Ses proches et ami·e·s racontent qu’elle se sentait déjà en insécurité depuis plusieurs semaines. Il y aurait eu des menaces répétées, des remarques désobligeantes sur son voile, ses origines – des indices qui laissent penser à un mobile raciste ou islamophobe. Les autorités judiciaires allemandes enquêtent. La présomption d’innocence s’applique. Et pourtant : une personne est morte. Une jeune musulmane – pleine de vie, engagée, en pleine ascension professionnelle.
Ce qui reste, c’est le silence.
Alors que l’affaire a suscité protestations, veillées et prises de position dans une partie de la communauté allemande, l’écho médiatique en Suisse demeure étonnamment discret. Et cela, bien que des sujets comme la violence, la radicalisation ou la migration soient régulièrement traités dans les médias suisses – en particulier lorsque les auteurs présumés sont perçus comme musulmans.
Une image déséquilibrée ?
En tant que Fédération des organisations islamiques de Suisse (FOIS), nous observons avec inquiétude la rapidité avec laquelle des récits islamophobes sont relayés dans le débat public – même lorsque les faits sont flous. Mais quand des personnes musulmanes ou perçues comme telles sont victimes de violences, la visibilité manque souvent. Presque aucun article. Presque aucun débat de société.

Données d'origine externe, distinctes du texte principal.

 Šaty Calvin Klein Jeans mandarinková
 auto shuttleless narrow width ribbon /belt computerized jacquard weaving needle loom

Nous en sommes conscients : le cas de Rahma A. ne s’est pas produit en Suisse. Et pourtant, nous constatons que lors d’interviews, de panels ou de demandes médiatiques, des événements survenus en Allemagne ou en France nous sont souvent évoqués – surtout lorsque les auteurs présumés sont musulmans ou perçus comme tels.
C’est précisément pour cette raison qu’il nous semble essentiel d’élargir la perspective : les musulmans sont aussi victimes. Les femmes musulmanes subissent des violences – parfois parce qu’elles sont visibles. Et c’est justement pour cela que leur histoire ne doit pas rester inaudible.

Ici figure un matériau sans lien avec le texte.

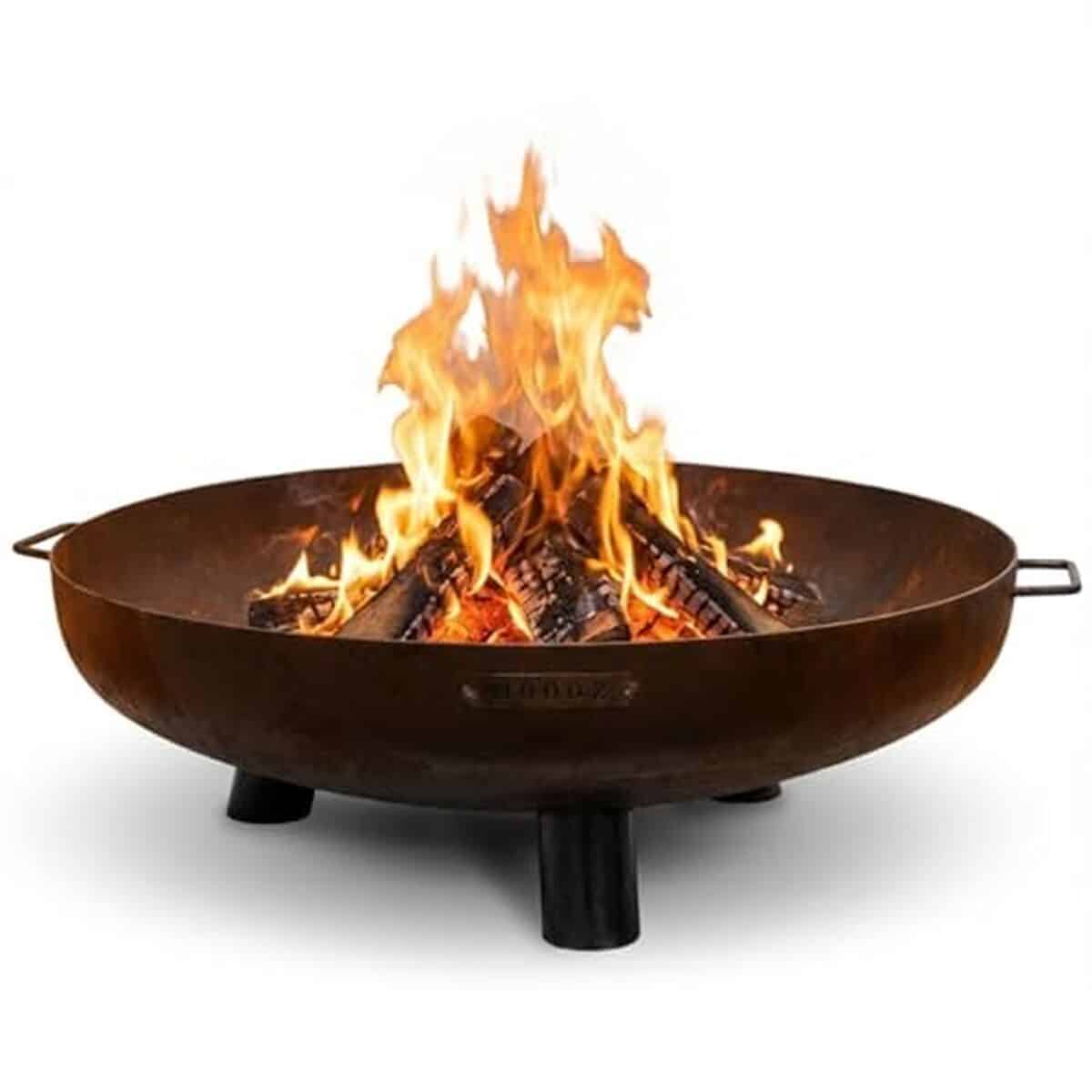 Test : brasero Moodz 80 cm en acier corten pour jardin et terrasse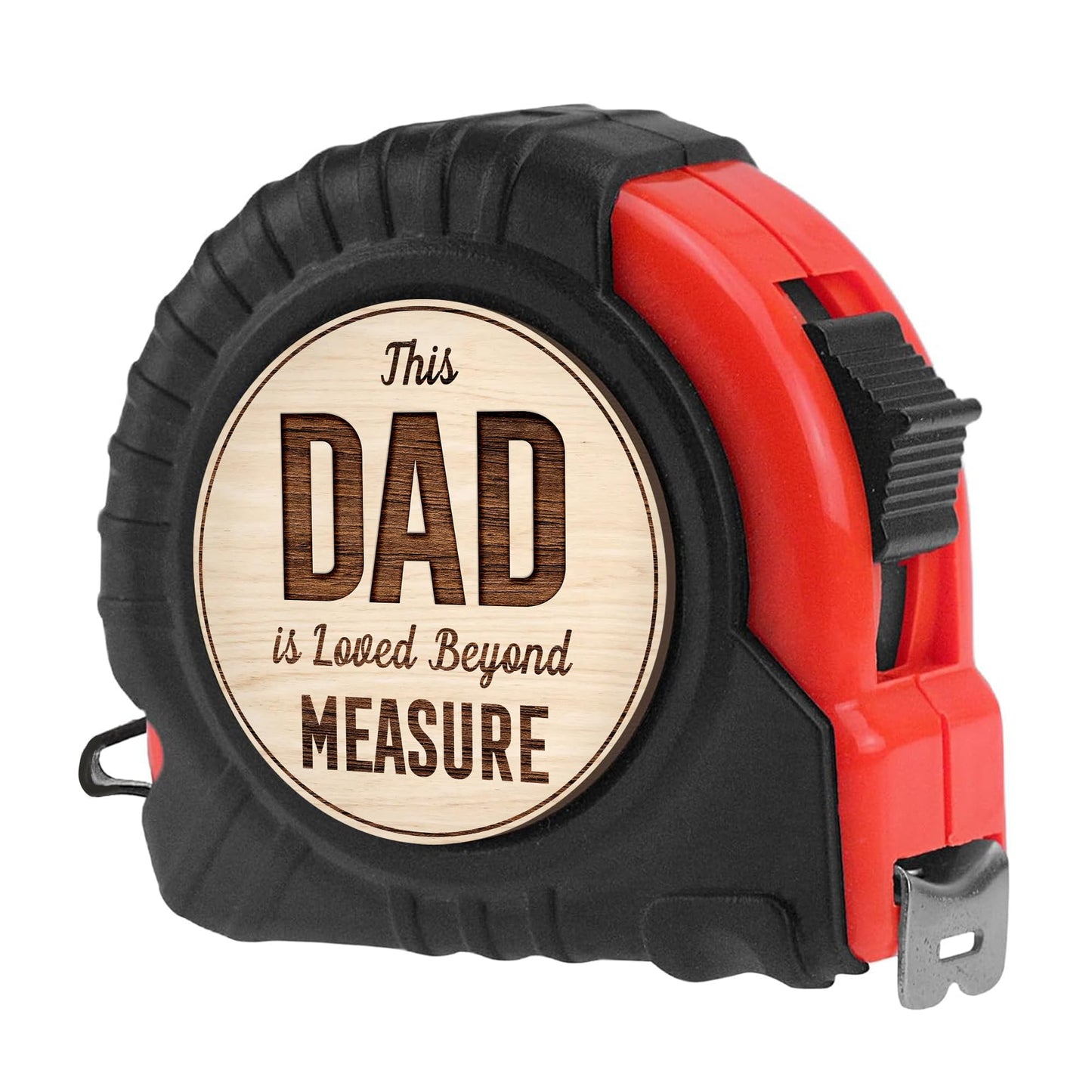 GOSSBY Dad Measuring Tape - Father's Day, Birthday, Christmas, Tool Gift for Dad from Daughter, Son, Kids - Stocking, Basket Stuffers - 25ft Tape Measure for Woodworking, Carpenter, Men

Ce que nous demandons, c’est un traitement médiatique équitable.
Nous nous engageons pour que les expériences et les perspectives musulmanes soient prises en compte à égalité dans la couverture médiatique. Il ne s’agit pas d’un traitement de faveur – mais d’un équilibre juste dans la manière de rapporter les violences, les discriminations et les responsabilités sociales.
Rahma A. était bien plus qu’une victime.
Elle était une fille, une collègue, une amie – un membre de notre société. Sa mort ne symbolise pas seulement un crime vraisemblablement raciste, mais aussi un déséquilibre structurel dans la perception publique.
Nous appelons à regarder. À écouter. Et à rendre visibles les noms des victimes – indépendamment de leur religion, origine ou manière de s’habiller.